*** Information shown Section Begins ***

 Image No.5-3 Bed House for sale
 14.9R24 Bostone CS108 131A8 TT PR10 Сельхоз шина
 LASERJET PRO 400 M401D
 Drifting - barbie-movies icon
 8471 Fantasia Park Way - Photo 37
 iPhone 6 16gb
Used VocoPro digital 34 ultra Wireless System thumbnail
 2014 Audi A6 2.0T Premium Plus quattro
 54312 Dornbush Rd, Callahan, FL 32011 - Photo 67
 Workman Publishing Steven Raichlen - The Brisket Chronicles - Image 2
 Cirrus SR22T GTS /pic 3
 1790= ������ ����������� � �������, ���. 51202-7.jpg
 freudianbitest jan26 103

*** Information shown Section Ends ***
*** Information shown Section Begins ***

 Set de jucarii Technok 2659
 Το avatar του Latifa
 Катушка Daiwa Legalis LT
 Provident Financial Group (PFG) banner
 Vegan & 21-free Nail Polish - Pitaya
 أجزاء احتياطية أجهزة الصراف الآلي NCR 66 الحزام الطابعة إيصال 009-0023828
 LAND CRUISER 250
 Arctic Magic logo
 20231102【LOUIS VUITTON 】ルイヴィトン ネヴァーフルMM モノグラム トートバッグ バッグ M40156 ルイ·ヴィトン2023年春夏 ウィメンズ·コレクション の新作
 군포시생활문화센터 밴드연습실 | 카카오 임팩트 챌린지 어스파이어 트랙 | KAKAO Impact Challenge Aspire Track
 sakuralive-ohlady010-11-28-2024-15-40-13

*** Information shown Section Ends ***

Retype the portion of the data above that starts on the line with "iPhone 6 16gb" and finishes on the line with "freudianbitest jan26 103", including both of those lines.

 iPhone 6 16gb
Used VocoPro digital 34 ultra Wireless System thumbnail
 2014 Audi A6 2.0T Premium Plus quattro
 54312 Dornbush Rd, Callahan, FL 32011 - Photo 67
 Workman Publishing Steven Raichlen - The Brisket Chronicles - Image 2
 Cirrus SR22T GTS /pic 3
 1790= ������ ����������� � �������, ���. 51202-7.jpg
 freudianbitest jan26 103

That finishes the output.